The markets perspective came through two formative experiences. First as an analyst at one of the world's largest sugar traders, where physical and derivatives trading taught me to read markets and connect the dots. Then in hedge fund selection at FERI, analysing absolute return strategies with advanced quantitative tools. That's where I learned to think like an investor and a fund selector, a lens I bring directly to client work.
Rather than one person or moment, it was the environment and the people along the way. Being exposed to heads of trading and leading hedge fund managers showed me the level of analytical depth, conviction, and continuous learning this industry demands, and that still inspires me today.
Calling a client when your fund is down 30% matters more than calling when it's up 30%.
That's where trust is built. Clients don't expect every strategy to perform in every market environment, but they do expect honesty and reliability.
Here’s what I’m seeing, across both institutional and wholesale clients, and where I’m helping:
First, demand for uncorrelated strategies, such as hedge funds and liquid alternatives, has clearly picked up. Strong performance over the last three years, combined with the rise in bond-equity correlation, has renewed investor interest. Today’s macro environment, marked by geopolitical risk and persistent uncertainty around rates and inflation, is only adding to demand for market-neutral strategies and skilled tactical managers.
Second, clients are caught in a bind: overwhelmed with products on one hand, under pressure to narrow their buy-lists on the other. A solution must earn its place by delivering demonstrable value for both our client and their end investors. That's not easy.
Consistent “alpha” is very hard to find over longer time horizons, and passive exposure leaves no room to outperform after fees. So strategies that pair core market exposure with a return-enhancing layer fill that gap: quantifiable, repeatable sources of excess returns that address a real structural problem.

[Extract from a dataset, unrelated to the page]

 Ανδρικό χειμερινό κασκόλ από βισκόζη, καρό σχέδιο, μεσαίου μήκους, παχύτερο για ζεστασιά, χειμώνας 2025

Client expectations differ more in style than in substance. The analytical framework to assess strategies is broadly consistent across regions (quantitative and qualitative). Where differences emerge is in risk-reward profiles, which vary from client to client. Cultural preferences vary too, some value face-to-face time, others prefer less proximity.
The key is separating short-term noise from the long-term investment rationale, and being transparent about both. When performance is difficult, clients need to understand what's driving it: temporary regime or structural issue.
Two trends stand out.
The first is AI across the asset management value chain, research, portfolio construction, operations, client reporting. It won't replace human judgement, but it will sharpen efficiency and decision-making.
The second is the growing sophistication of end investors and financial education. Access to financial information has never been easier, driven by social media, digital platforms, and of course AI as a learning tool. But more informed doesn't always mean better informed. For asset managers, that raises the bar on education, clarity, and transparency.
I stay informed through daily podcasts, financial news (TV, social media, Bloomberg), and regular dialogue with our portfolio managers. In my role, the response to market moves is to understand what the current environment means for our strategies, and translate that into what it means for each client's allocation.
I'm quite nerdy about music, good food, and dining experiences, the latter naturally helps on the client relationship side. Some of the best conversations happen outside the office!
Sport is equally important. I grew up in a family of professional athletes and earned a football/soccer scholarship in the US. The athlete mindset never really left me: consistency, composure under pressure, the drive to compete. These days it's more about staying in shape and having fun: gym, five-a-side, golf, and tennis/padel.